▶ [REQUIRED WORK]:
Restate the records below exactly. Pictures are not part of the copy.

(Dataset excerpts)
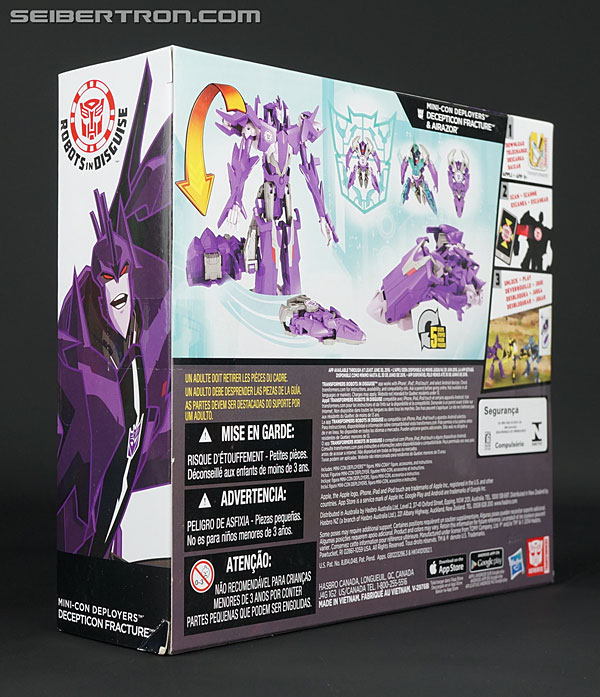 Transformers: Robots In Disguise Fracture (Image #14 of 111)
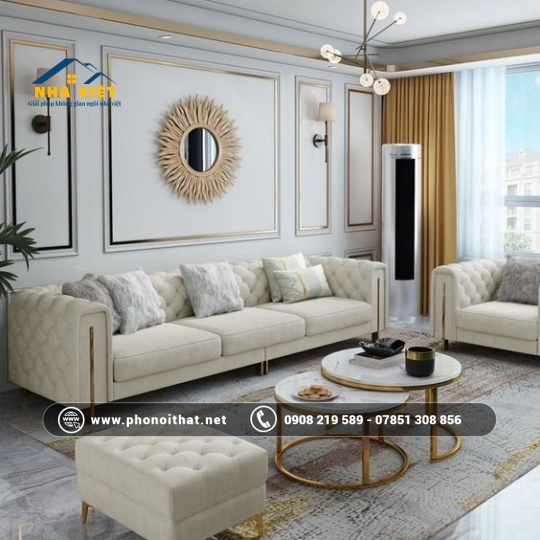 SOFA băng SFB18
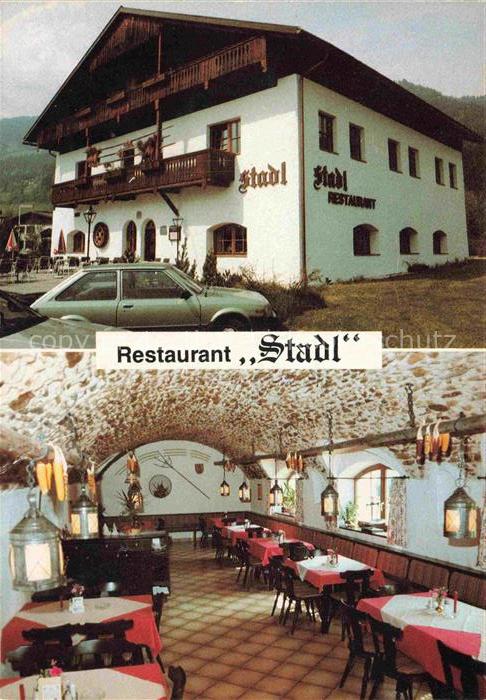 Debant Nussdorf Lienz Tirol AT Restaurant Stadl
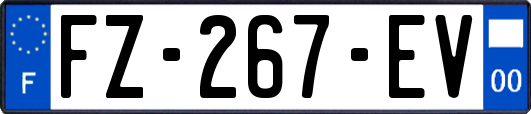 FZ-267-EV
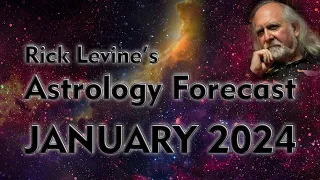 Rick Levine's January 2024 Forecast: READY, SET, GO!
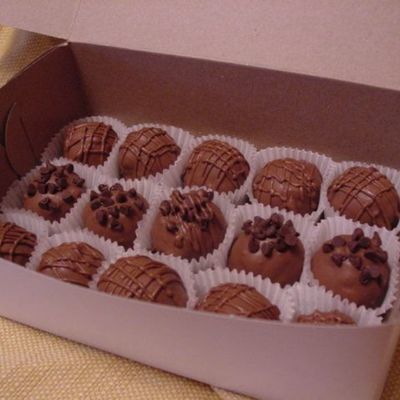 Cake Truffles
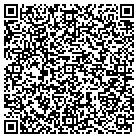 QR code with J M Baskin Consulting Inc contacts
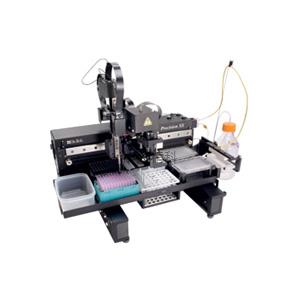 Precision XS 微孔板樣品處理器,分液器 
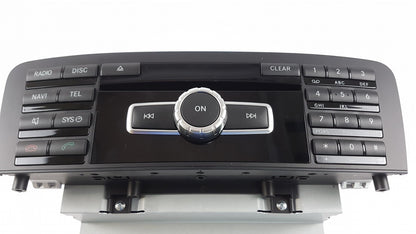 Original MERCEDES-BENZ W117 W156 W176 W246 Radio Navi Navigation CD A2469000516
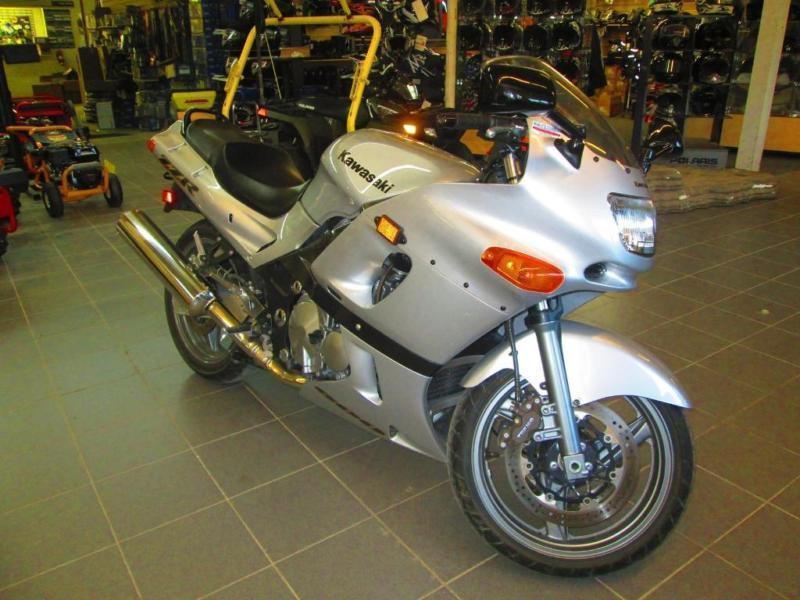 2005 Kawasaki Ninja 600 zzr 600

▶ [ANSWER TO THE PROBLEM]:
 Transformers: Robots In Disguise Fracture (Image #14 of 111)
 SOFA băng SFB18
 Debant Nussdorf Lienz Tirol AT Restaurant Stadl
 FZ-267-EV
 Rick Levine's January 2024 Forecast: READY, SET, GO!
 Cake Truffles
 QR code with J M Baskin Consulting Inc contacts
 Precision XS 微孔板樣品處理器,分液器 
 Original MERCEDES-BENZ W117 W156 W176 W246 Radio Navi Navigation CD A2469000516
 2005 Kawasaki Ninja 600 zzr 600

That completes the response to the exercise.